| Dataset records |

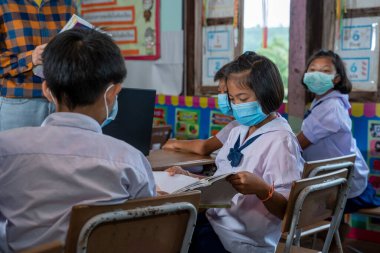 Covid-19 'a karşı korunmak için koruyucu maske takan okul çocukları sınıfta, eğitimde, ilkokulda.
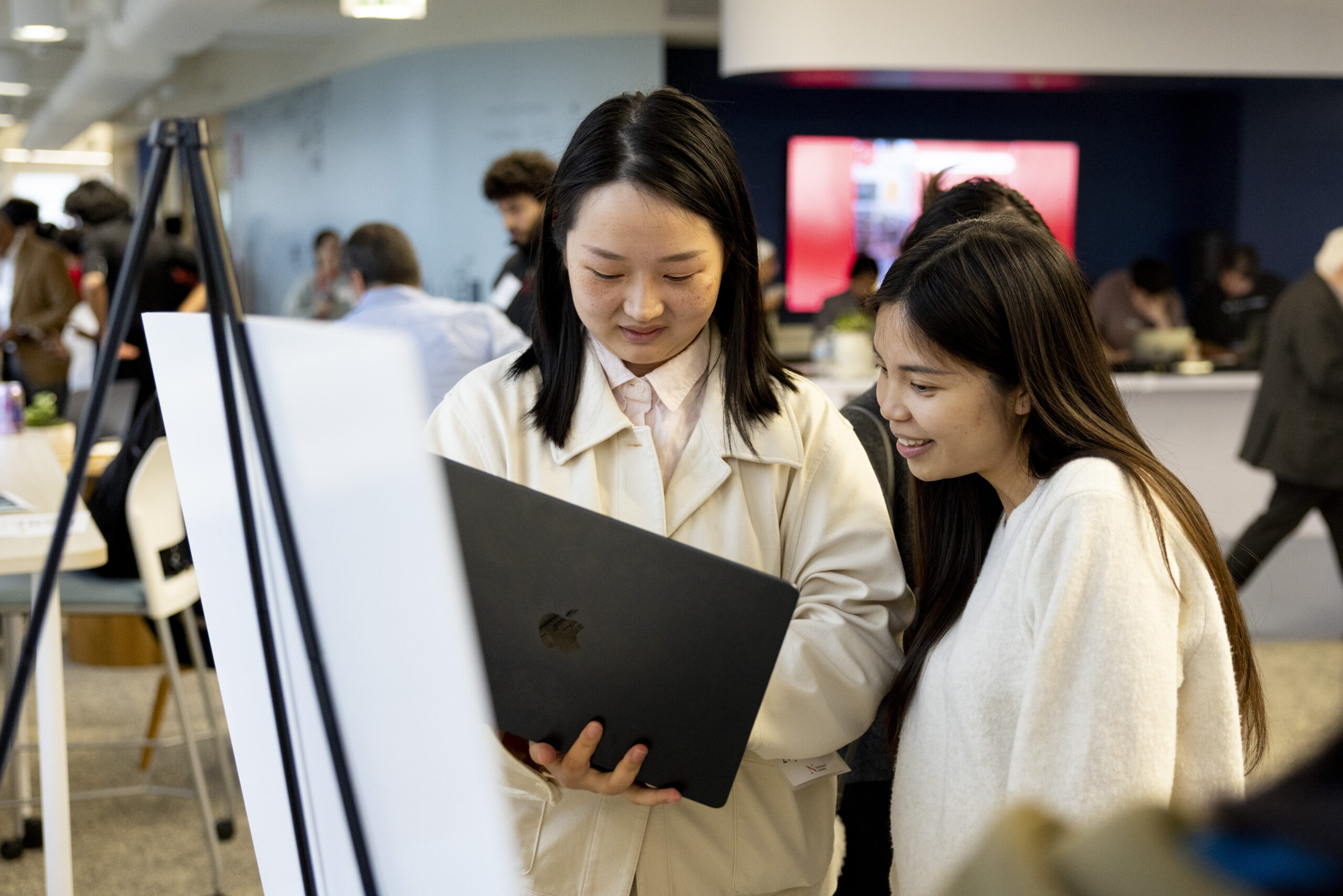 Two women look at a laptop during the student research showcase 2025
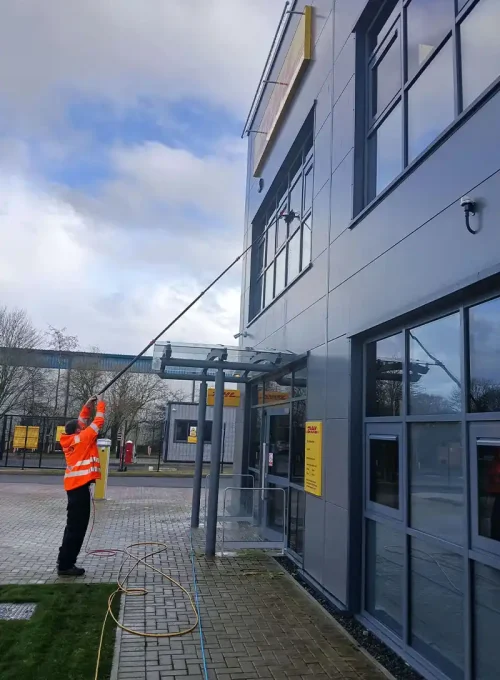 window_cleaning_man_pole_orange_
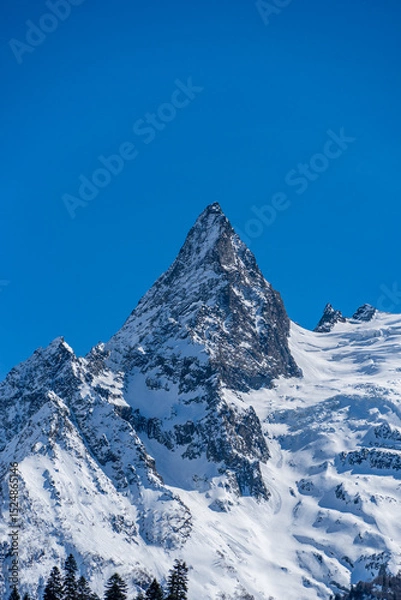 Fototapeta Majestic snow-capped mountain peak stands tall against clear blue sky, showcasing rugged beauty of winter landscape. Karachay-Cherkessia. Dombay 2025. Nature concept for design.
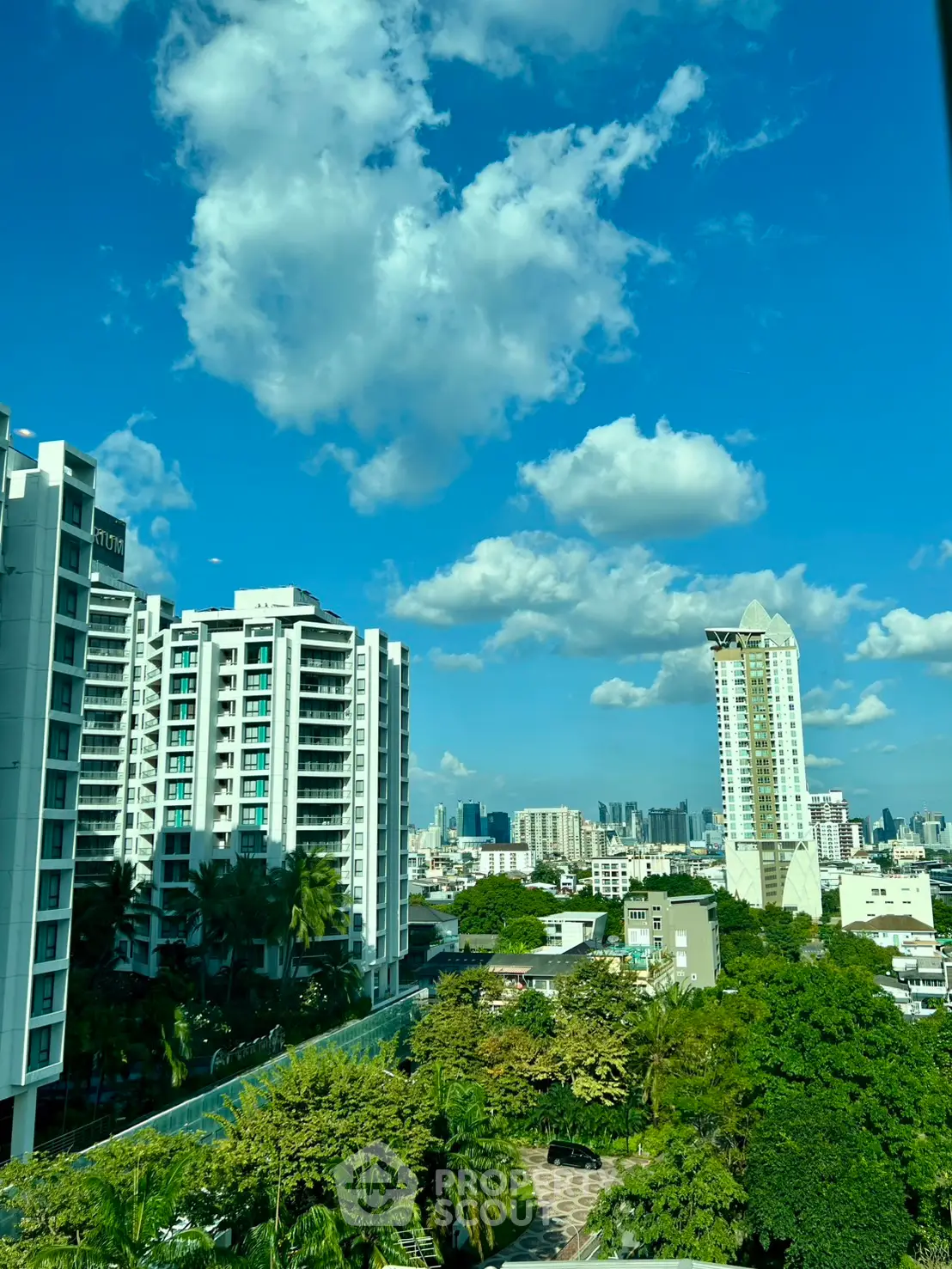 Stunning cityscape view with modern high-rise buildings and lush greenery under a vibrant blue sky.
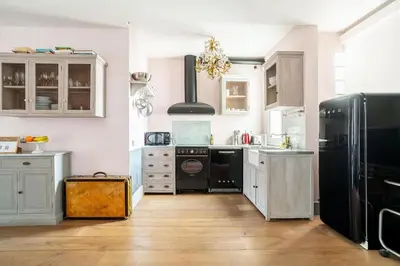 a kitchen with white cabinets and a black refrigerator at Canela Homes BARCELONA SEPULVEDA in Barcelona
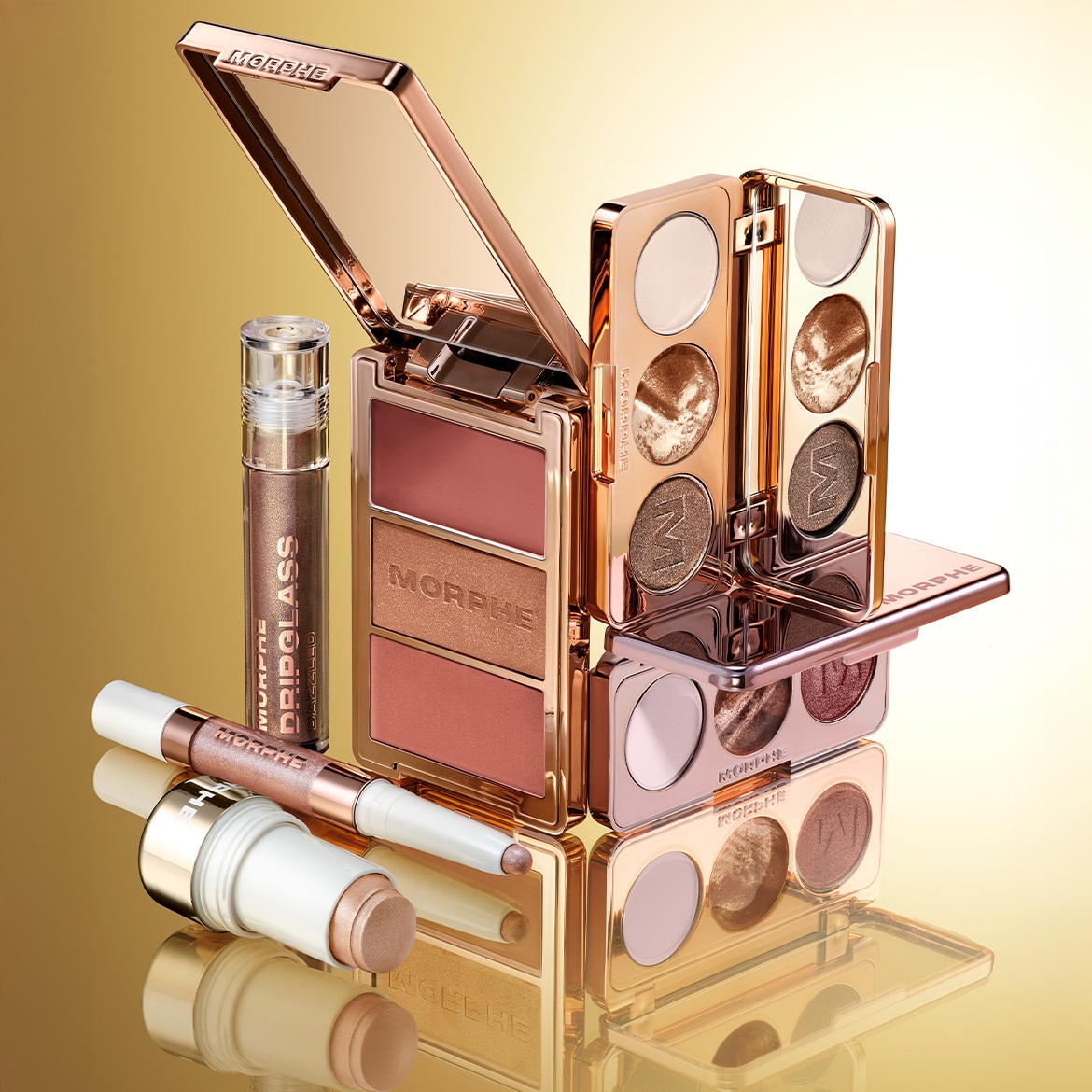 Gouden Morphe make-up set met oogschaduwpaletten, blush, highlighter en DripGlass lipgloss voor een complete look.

| Work order |
Reproduce the records in full, exactly as they appear, and show none of the pictures.

| Exercise result |
 Covid-19 'a karşı korunmak için koruyucu maske takan okul çocukları sınıfta, eğitimde, ilkokulda.
 Two women look at a laptop during the student research showcase 2025
 window_cleaning_man_pole_orange_
 Fototapeta Majestic snow-capped mountain peak stands tall against clear blue sky, showcasing rugged beauty of winter landscape. Karachay-Cherkessia. Dombay 2025. Nature concept for design.
 Stunning cityscape view with modern high-rise buildings and lush greenery under a vibrant blue sky.
 a kitchen with white cabinets and a black refrigerator at Canela Homes BARCELONA SEPULVEDA in Barcelona
 Gouden Morphe make-up set met oogschaduwpaletten, blush, highlighter en DripGlass lipgloss voor een complete look.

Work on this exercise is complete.